Die nächtlichen Angriffe auf Venezuela, die Entführung seines Staatsoberhauptes, Nicolás Maduro, und seiner Frau, sowie die Erklärung von Präsident Donald Trump, dass die USA das Land führen und sein Öl verkaufen würden, sind weithin als eklatanter Verstoß gegen das Völkerrecht und globale Normen verurteilt worden. Die Aktionen, die sich Anfang 2026 ereigneten, haben internationale Empörung ausgelöst und laut Analysten Bedenken hinsichtlich der zunehmenden "Putinisierung" der US-amerikanischen Außenpolitik geweckt.

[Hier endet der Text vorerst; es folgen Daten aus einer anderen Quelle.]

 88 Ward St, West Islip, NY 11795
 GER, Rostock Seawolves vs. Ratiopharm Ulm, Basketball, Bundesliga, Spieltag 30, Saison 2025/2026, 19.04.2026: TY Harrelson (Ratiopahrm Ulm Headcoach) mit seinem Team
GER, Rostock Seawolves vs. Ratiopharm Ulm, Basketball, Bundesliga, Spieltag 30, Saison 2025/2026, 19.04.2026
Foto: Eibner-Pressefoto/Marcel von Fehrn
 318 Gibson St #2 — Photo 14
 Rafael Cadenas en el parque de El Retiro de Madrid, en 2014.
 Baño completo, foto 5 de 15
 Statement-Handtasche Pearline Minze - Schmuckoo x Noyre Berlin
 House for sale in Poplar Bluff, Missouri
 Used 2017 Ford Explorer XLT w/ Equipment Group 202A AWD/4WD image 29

Die US-Militäraktion gegen Venezuela folgte einer Periode eskalierender Spannungen zwischen Washington und Caracas, die von US-Vorwürfen der Korruption, Menschenrechtsverletzungen und antidemokratischen Praktiken unter Maduros Führung geprägt war. Die Trump-Regierung hatte zuvor Sanktionen gegen venezolanische Beamte und Organisationen verhängt, um Maduro zum Rücktritt zu bewegen. Die militärische Intervention stellt jedoch eine erhebliche Eskalation der US-Politik dar.
"Trump fährt seit seinem Amtsantritt vor fast einem Jahr mit Konvois von Bulldozern durch das Völkerrecht, und jetzt ist es größtenteils Trümmer", schrieb Julian Borger, leitender internationaler Korrespondent, in einer Analyse nach den Ereignissen.

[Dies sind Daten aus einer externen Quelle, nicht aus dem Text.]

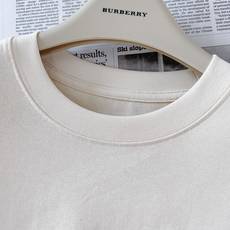 Burberry 巴宝莉 2026SS春夏新品 英伦格纹战马短袖T恤👕精选高支柔软纯棉面料,亲肤透气,夏 Burberry 巴宝莉 2026SS春夏新品 英伦格纹战马短袖T恤👕精选高支柔软纯棉面料,亲肤透气,夏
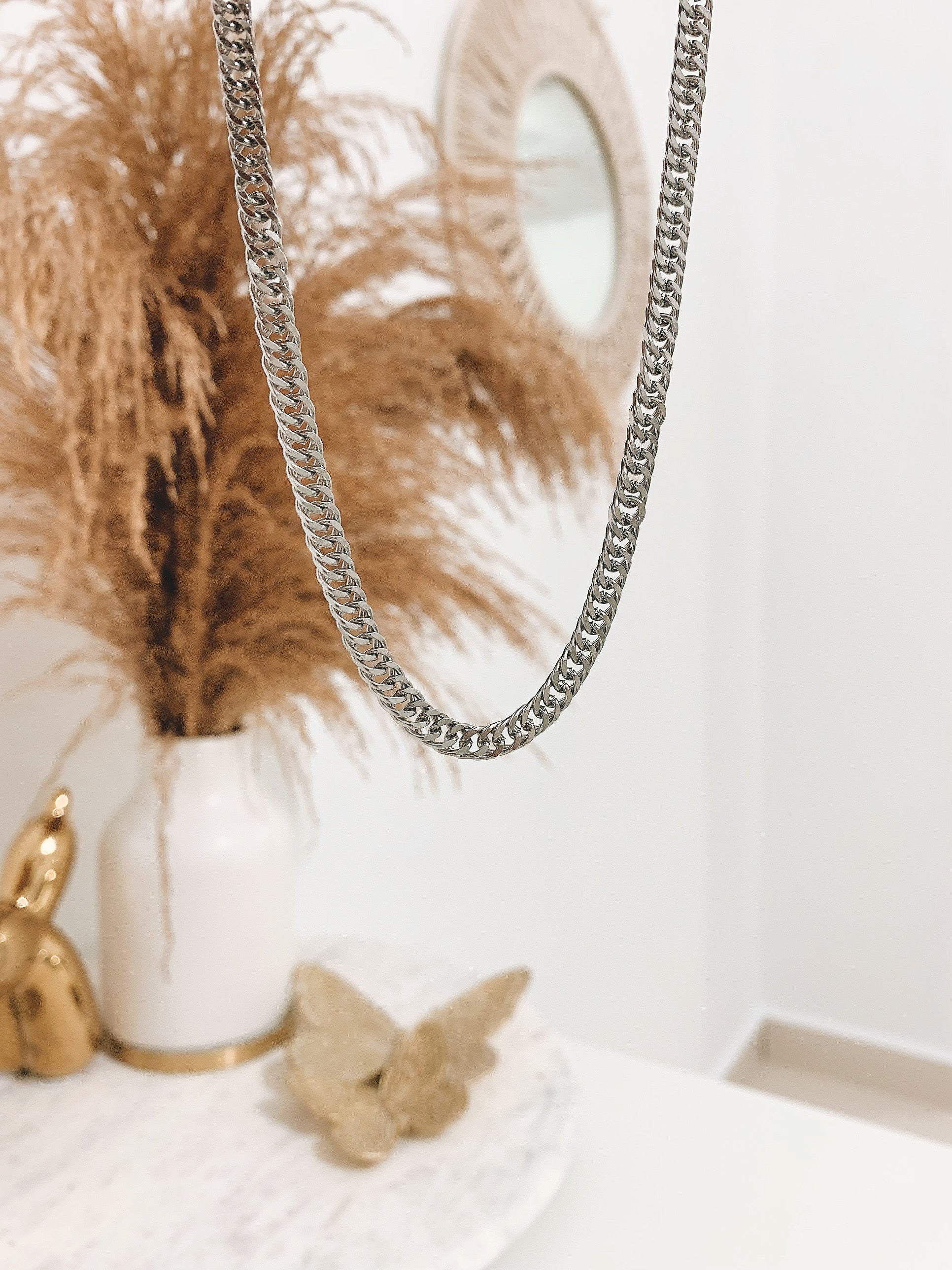 Ruso Chain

Der Begriff "Putinisierung" bezieht sich auf eine wahrgenommene Verschiebung hin zu einem selbstbewussteren und unilateraleren Ansatz in der Außenpolitik, der an die Aktionen des russischen Präsidenten Wladimir Putin auf der internationalen Bühne erinnert. Kritiker argumentieren, dass die US-Intervention in Venezuela Russlands Interventionen in Ländern wie der Ukraine und Georgien widerspiegelt, wo Moskau beschuldigt wurde, das Völkerrecht zu verletzen und die Souveränität der Nachbarstaaten zu untergraben.

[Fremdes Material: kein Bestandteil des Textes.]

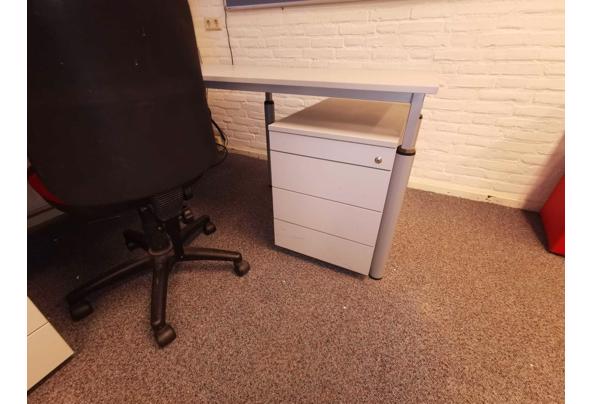 Bureau L-vormig 180x80 cm met bureaustoel, beide hoogteverstelbaar - 8aa13bbd-e79a-4cee-be03-64f27956dabe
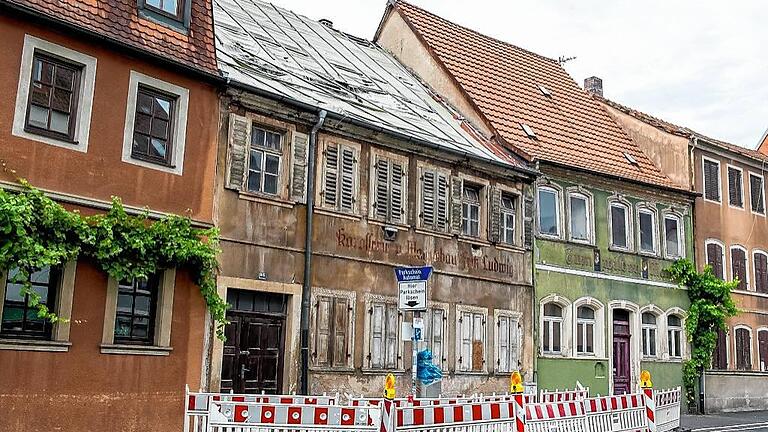 Die Bauerngasse ist keine Zierde für die Stadt. Die Bauerngasse ist keine Zierde für die Stadt.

Die venezolanische Regierung hat die US-Aktionen als einen Akt der Aggression und eine Verletzung ihrer Souveränität verurteilt. Maduro forderte vor seiner Entführung die internationale Gemeinschaft auf, die US-Intervention zu verurteilen und Venezuelas Recht auf Selbstbestimmung zu unterstützen.
Die Reaktion der internationalen Gemeinschaft ist gemischt. Einige Länder, insbesondere solche, die mit den USA verbündet sind, haben ihre Unterstützung für die Intervention zum Ausdruck gebracht und argumentiert, dass sie notwendig sei, um Demokratie und Stabilität in Venezuela wiederherzustellen. Andere, darunter Russland und China, haben die US-Aktionen aufs Schärfste als Verletzung des Völkerrechts und als Bedrohung des Weltfriedens und der Sicherheit verurteilt.
Der Sicherheitsrat der Vereinten Nationen berief eine Dringlichkeitssitzung ein, um die Situation in Venezuela zu erörtern, aber es bleibt unklar, ob der Rat in der Lage sein wird, einen Konsens über ein Vorgehen zu erzielen. Die USA haben im Sicherheitsrat ein Vetorecht, das jede Resolution verhindern könnte, die ihre Aktionen verurteilt.
Die Zukunft Venezuelas bleibt ungewiss. Die USA haben ihre Absicht erklärt, eine Übergangsregierung einzusetzen und Neuwahlen zu überwachen. Es ist jedoch unklar, wie lange die US-Militärpräsenz in Venezuela andauern wird und welche Rolle sie in der politischen Zukunft des Landes spielen wird. Die Intervention hat ernste Fragen über die Zukunft der US-amerikanischen Außenpolitik und die Rolle des Völkerrechts im 21. Jahrhundert aufgeworfen.